Norwin S. Yoffie Career Achievement Award
ROBERT PORTERFIELD
Bob Porterfield is a shit-disturber, an old-fashioned investigative reporter who has no favorites, no sacred cows, and no fear of offending anyone. Since his first story a profile of a YMCA social program published in Eugene, Ore.'s The Register-Guard in 1959, when he was 15 Porterfield has had ink in his veins. He's shared two Pulitzer Prizes (first for an Anchorage Daily News report on the Teamsters Union in 1975 and then for a series on the Massachusetts Bay Transportation Authority for The Boston Globe), won more than two dozen other prizes and worked on a long list of major investigative projects.
He has become something of an expert in computer-assisted reporting and information systems but is still a down-to-earth guy who never forgot the value of traditional, hands-on digging. Back in 1986, he was on a team at Newsday looking into the federal Synfuels Corp., a scandal-plagued agency that was shut down in the wake of his stories.
"I remember once we were looking for property records on a Synfuels Corp. project linked to [former CIA Director) Bill Casey," he told me. "I wound up going down to Plymouth, N.C., (population 4,000), and I found this musty old office with two older women sitting there, knitting. There was no index book, nothing computerized. But when I explained what I was looking for, one of the women remembered the parcel of land I was talking about and pulled out the exact documents for me."
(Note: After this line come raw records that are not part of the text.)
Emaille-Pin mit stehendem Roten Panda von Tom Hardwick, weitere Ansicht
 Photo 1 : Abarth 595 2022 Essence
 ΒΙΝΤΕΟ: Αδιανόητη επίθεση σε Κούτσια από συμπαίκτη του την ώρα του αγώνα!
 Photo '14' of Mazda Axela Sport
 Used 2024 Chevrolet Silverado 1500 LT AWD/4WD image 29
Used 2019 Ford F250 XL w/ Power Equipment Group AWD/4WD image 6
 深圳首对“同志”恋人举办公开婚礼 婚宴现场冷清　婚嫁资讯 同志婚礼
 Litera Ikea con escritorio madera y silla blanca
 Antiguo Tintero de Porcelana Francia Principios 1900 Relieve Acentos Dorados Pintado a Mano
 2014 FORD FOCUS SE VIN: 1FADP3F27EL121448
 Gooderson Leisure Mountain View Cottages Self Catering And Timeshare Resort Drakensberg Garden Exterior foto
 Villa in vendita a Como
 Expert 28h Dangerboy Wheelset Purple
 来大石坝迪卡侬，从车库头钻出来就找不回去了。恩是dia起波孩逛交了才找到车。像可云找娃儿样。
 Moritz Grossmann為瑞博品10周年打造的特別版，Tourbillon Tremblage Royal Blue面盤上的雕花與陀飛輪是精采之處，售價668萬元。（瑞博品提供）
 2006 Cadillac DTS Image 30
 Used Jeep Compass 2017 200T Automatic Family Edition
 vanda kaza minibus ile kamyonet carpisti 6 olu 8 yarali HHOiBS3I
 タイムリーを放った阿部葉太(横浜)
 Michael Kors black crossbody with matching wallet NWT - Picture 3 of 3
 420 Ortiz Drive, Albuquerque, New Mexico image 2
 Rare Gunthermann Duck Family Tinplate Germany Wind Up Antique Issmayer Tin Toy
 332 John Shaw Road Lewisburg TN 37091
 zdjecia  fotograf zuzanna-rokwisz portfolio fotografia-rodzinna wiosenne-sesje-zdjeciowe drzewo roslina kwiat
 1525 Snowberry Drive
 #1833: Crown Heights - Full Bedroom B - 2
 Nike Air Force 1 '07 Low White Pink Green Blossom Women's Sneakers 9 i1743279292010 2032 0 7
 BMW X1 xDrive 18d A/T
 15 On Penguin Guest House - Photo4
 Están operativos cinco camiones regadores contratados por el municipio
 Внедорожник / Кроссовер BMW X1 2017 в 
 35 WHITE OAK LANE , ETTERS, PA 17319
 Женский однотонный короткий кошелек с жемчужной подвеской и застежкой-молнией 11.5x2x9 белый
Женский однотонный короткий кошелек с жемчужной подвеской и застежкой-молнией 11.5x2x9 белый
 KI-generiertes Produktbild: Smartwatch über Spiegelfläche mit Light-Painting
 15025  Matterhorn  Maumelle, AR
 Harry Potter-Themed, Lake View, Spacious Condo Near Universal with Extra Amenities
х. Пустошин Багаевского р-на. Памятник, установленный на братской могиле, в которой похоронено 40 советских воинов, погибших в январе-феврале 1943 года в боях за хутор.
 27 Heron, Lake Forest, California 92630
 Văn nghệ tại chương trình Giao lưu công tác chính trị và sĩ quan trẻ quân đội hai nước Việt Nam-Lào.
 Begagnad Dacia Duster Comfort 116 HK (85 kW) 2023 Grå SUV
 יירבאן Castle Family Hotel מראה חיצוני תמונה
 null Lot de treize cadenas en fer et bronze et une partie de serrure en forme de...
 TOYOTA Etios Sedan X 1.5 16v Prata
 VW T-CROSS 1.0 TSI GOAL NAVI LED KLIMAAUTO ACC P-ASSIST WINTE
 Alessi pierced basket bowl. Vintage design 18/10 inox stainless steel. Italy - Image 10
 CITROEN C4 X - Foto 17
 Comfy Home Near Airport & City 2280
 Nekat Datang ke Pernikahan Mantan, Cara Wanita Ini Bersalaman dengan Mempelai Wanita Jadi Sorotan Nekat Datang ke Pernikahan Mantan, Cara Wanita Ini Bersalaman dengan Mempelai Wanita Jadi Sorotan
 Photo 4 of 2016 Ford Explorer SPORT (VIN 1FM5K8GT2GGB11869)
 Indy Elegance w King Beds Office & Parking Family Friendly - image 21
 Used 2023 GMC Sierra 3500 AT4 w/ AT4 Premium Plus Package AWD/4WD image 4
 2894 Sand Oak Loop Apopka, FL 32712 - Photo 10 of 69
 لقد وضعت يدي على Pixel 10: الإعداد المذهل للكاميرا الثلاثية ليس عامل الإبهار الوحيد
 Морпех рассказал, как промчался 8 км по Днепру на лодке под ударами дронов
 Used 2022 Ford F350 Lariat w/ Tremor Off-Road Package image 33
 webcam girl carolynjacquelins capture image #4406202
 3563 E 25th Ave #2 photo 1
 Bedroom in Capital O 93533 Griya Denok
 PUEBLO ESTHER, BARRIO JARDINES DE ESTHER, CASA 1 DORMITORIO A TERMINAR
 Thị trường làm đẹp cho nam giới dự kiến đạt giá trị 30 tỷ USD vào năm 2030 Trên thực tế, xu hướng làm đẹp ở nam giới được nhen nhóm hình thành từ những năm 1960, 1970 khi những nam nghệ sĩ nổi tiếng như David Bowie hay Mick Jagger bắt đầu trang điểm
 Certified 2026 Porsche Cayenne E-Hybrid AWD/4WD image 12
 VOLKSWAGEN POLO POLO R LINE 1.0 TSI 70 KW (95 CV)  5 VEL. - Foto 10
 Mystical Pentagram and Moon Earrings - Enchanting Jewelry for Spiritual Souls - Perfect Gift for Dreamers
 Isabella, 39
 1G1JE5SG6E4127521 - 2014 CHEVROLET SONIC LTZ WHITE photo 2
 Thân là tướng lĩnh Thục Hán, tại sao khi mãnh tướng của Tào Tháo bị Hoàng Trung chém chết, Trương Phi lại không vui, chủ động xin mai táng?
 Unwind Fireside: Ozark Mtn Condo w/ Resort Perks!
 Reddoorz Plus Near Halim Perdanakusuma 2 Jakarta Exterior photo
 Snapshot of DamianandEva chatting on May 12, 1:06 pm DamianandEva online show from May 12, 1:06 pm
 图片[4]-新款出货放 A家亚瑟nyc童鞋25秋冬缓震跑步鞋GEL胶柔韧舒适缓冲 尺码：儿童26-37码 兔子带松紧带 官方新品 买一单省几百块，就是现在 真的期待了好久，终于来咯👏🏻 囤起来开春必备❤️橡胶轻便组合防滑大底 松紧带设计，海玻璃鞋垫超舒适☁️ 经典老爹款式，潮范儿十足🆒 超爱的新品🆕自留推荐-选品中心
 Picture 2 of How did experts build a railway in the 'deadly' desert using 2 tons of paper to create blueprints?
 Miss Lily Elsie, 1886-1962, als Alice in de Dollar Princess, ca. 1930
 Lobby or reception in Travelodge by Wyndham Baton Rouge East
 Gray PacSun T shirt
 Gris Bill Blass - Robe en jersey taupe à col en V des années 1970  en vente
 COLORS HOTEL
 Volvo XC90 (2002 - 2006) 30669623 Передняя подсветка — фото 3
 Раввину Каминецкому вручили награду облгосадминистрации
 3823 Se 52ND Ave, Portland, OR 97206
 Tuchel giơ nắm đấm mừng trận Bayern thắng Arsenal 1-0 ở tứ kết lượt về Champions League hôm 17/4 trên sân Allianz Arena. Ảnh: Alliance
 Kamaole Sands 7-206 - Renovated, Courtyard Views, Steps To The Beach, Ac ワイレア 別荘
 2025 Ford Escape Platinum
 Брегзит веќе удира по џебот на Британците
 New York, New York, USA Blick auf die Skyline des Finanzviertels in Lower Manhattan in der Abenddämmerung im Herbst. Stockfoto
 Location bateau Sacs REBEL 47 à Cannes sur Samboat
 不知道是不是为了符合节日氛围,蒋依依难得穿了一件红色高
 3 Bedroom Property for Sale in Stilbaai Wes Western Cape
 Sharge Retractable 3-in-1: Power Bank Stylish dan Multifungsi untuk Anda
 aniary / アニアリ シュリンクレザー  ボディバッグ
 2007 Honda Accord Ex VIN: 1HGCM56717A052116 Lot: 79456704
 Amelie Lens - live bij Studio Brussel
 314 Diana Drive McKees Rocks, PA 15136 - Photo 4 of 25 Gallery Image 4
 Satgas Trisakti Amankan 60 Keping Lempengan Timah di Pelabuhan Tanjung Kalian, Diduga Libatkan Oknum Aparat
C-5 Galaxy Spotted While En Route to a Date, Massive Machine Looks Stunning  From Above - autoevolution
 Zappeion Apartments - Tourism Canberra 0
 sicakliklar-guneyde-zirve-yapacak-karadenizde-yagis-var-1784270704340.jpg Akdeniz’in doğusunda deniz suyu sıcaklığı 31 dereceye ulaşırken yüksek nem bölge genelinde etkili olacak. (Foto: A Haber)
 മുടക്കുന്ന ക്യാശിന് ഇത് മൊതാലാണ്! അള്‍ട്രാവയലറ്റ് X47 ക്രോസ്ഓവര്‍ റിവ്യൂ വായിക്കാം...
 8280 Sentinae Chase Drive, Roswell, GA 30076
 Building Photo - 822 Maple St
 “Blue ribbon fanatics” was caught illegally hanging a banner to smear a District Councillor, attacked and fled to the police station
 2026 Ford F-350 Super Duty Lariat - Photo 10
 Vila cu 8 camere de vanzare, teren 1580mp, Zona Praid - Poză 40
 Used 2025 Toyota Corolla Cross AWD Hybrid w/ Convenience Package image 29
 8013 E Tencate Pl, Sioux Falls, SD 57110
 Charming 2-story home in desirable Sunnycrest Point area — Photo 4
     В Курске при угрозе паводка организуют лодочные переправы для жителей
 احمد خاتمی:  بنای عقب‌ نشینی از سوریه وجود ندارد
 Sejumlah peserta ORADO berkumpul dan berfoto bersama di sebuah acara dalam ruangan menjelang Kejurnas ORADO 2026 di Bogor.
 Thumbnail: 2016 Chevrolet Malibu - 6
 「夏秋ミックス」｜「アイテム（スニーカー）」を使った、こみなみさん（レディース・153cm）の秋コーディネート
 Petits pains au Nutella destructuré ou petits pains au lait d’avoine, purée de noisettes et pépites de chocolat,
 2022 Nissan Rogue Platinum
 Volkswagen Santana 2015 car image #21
Porterfield has devoted a tremendous amount of time to teaching and mentoring, showing young reporters how to use public records to find stories. "I'm glad to see [President Obama's] new directive on openness, but I hope it trickles down to the independent agencies," he said. "Because there's been way, way too much secrecy." (Tim Redmond)
Beverly Kees Educator Award
ALAN GIBSON
Alan Gibson is reclaiming the Founding Fathers from conservatives with
his recent book Understanding the Founding: The Crucial Questions (University Press of Kansas, 2007). It examines the progressive ideals that guided early American political thought.
"The Founding Fathers are often captured by conservatives," Gibson told the Guardian. "But there is no clear line of legacy. It is much more complex than that. Conservative restoration politics are dangerous and not historically accurate."
As an undergraduate, Gibson cultivated an interest in issues of separation of church and state, which led to doctoral studies on James Madison, the namesake of the Society of Professional Journalists' annual Freedom of Information awards. "Madison was the most progressive of all [the Founding Fathers] when it comes to freedom of the press," Gibson said. "He helped develop the idea that American government should be responsive to public opinion, and the role of newspapers was to make sure that an authentic public opinion was set forth." Gibson, a political science professor at California State University-Chico, lectures at various colleges across the country. Understanding the Founding will be published in paperback later this year.